Process parameters for fabrication of tubes.
Figure 2(a) presents a schematic diagram of the 3D printing process, and Figure 2(b) illustrates the Flying Bear Classic 3D Printer Ghost 5 supplied by IDEAL 3D Company used in the study. The physical and mechanical properties of the PE material are listed in Table 2. Cura software (version 5.6.0) was utilized to configure the printing settings and create the sliced files required for the FDM process. Figure 3 illustrates the geometric features of the hexagonal multi-cellular tubes, with a diameter (D) of 60 mm and a tube length (H) of 120 mm. The internal wall thickness (t1) was 1.6 mm, while the external wall thickness (t2) was 0.9 mm. The printing speed was configured at 70 mm/s. The temperatures of the printing platform and heating nozzle were set to 70°C and 230°C, respectively. Fused deposition modelling based 3D printing. Physical and mechanical properties of PE filament. Geometrical configuration of hexagonal multi-cellular tubes.

3D Printing parameters.

3D printed hexagonal multi-cellular tube configurations.
Experimentatal technique
In this research, quasi-static compression tests were carried out using a universal material testing machine (WDW-100, Jinan, China) with a 100 kN capacity, as shown in Figure 5, to investigate the compressive behavior of biomimetic hexagonal multi-cellular tubes under quasi-static loading conditions, following the ASTM D1621 standard.54,55 The tube samples were compressed at a constant rate until they reached a final displacement of 80 mm, which is two-thirds of the original tube length (H), and the 3D-printed hexagonal multi-cellular tubes were positioned between two compression plates and crushed at a crosshead speed of 10 mm/min with a strain rate of 10−3 s−1. To ensure stability and prevent slipping during the test, the samples were centrally aligned on the compression plate, minimizing lateral movement and ensuring accurate results, with five specimens from each design pattern tested and the average value taken as repeatable experimental data. The entire compression process was recorded using a high-resolution digital single-lens reflex camera (D7500, Nikon, Tokyo, Japan), while the data acquisition system automatically gathered the crushing force and displacement data. Table 4 presents the various crashworthiness metrics for the 3D-printed hexagonal multi-cellular tubes.56–58 Hexagonal multi-cellular tubes under axial compression.

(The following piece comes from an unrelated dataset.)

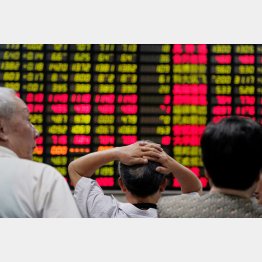 株価ボードを不安げに眺める投資家（Ｃ）ロイター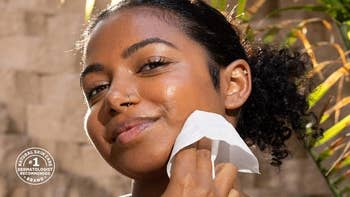 Person using a facial wipe with a small emblem reading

A systematic guide for optimal selection using the TOPSIS method
The crashworthiness characteristics of the biomimetic hexagonal multi-cellular structures were evaluated by a quasi-static compression test, employing various crashworthiness criteria. Although lightweight design and TEA are crucial for energy-absorbing structures, SEAC is also a significant criterion in selecting an appropriate energy absorber. To qualify as an optimal energy absorber, a structure must be assessed using a mix of diverse crashworthiness parameters. The challenge resides in evaluating the efficacy of these structures, as it is difficult to optimize all indicators concurrently.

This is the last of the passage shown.